Wir führen das wöchentliche Bibelstudium per Skype fort, beten gemeinsam jeweils Donnerstagabend und um 20 Uhr zünden wir draussen eine Kerze an. Es ist uns auch gelungen, den Katechismus auf Distanz durchzuführen für die junge Sarah immer mit Videoaufrufen. Es gibt Leute, die sich bereit erklärten die Menschen über 65 zu Hause zu versorgen, sich um die Eltern zu kümmern, welche in der Nähe wohnen, Leuten Essen anzubieten, die nicht so viel haben, Kerzen anzuzünden für diejenigen, welche nicht raus können und wir vereinen uns im Gebet… Die kleine Gemeinde im Tessin existiert, sie lebt und nähert sich gegenseitig an, mehr als je zuvor.

In diesem Moment ist Mekka leer, der Petersplatz und auch die Stätten in Jerusalem. Aber die Kirche lebt, das Gebet kehrt in die Häuser zurück, bittend für die eigene Familie, für die Freunde, für diejenigen, welche es nicht geschafft haben und auch für diejenigen, welche für uns alle arbeiten mit dem Risiko sich mit dem Virus anzustecken. Man betet zu Hause für das eigene Land, für die Wirtschaft, für die eigene Firma oder die Arbeitnehmer, hoffend darauf, bald wieder anfangen zu können und die Kraft zu haben, um allen Arbeit zu geben… Die Kirche ist nun in unseren Häusern.
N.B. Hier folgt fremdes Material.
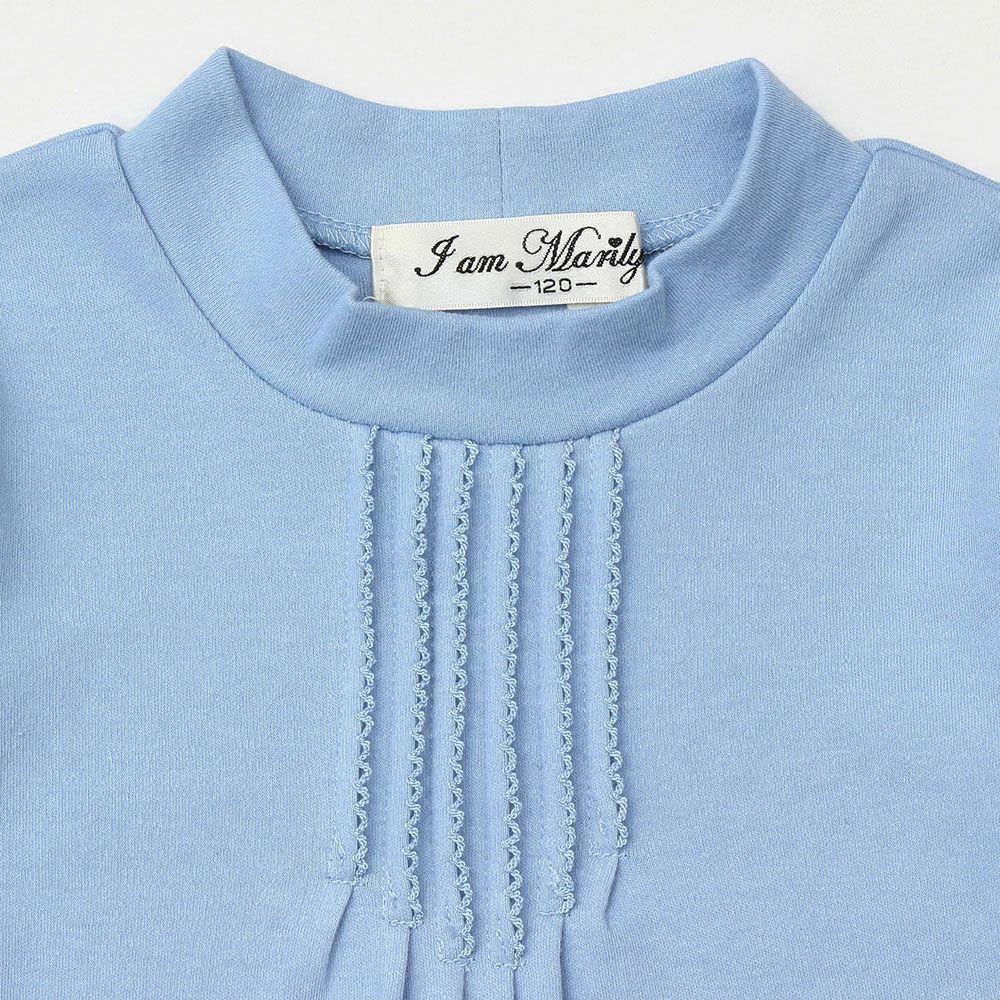 Children's clothing girl T -shirt Long sleeve Simple Pintack Blue (61) Design point 1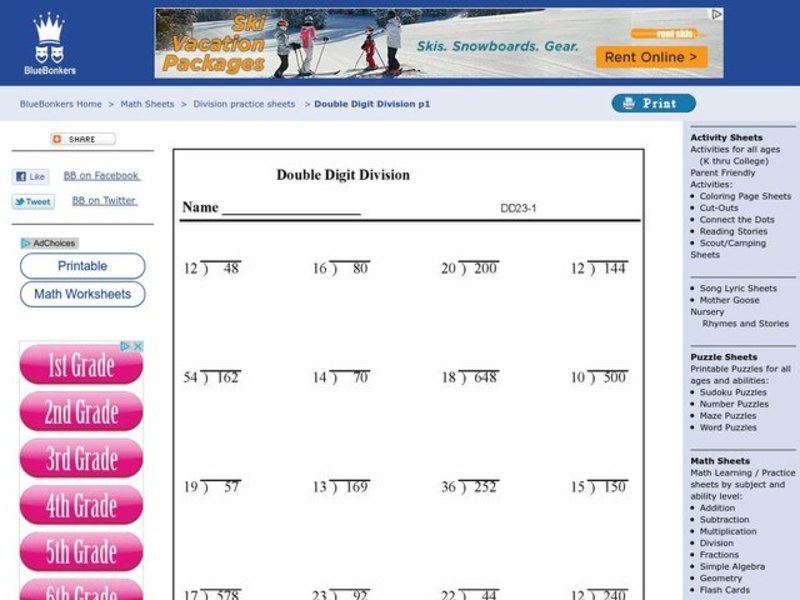 Double Digit Division Worksheet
Aus diesem Grunde empfehle ich unserer Gemeinde für Gründonnerstag, sich gegenseitig die Füsse zu waschen in der Familie, für Karfreitag eine Ecke mit einem Kreuz und einem Licht zum Beten ein-zurichten, einen Tag des Schweigens am Karsamstag einzuhalten und für Ostern werde ich ein Video schicken mit einer Segnung und Grüssen.

Für uns wird Ostern der erste Sonntag sein, wo wir wieder frei in den Tassino-Park in Lugano gehen können, um gemeinsam den Sonnenaufgang zu erleben und die Osterkerze anzuzünden. Ich glaube, dass wir an diesem besonderen Tag vor Freude weinen werden.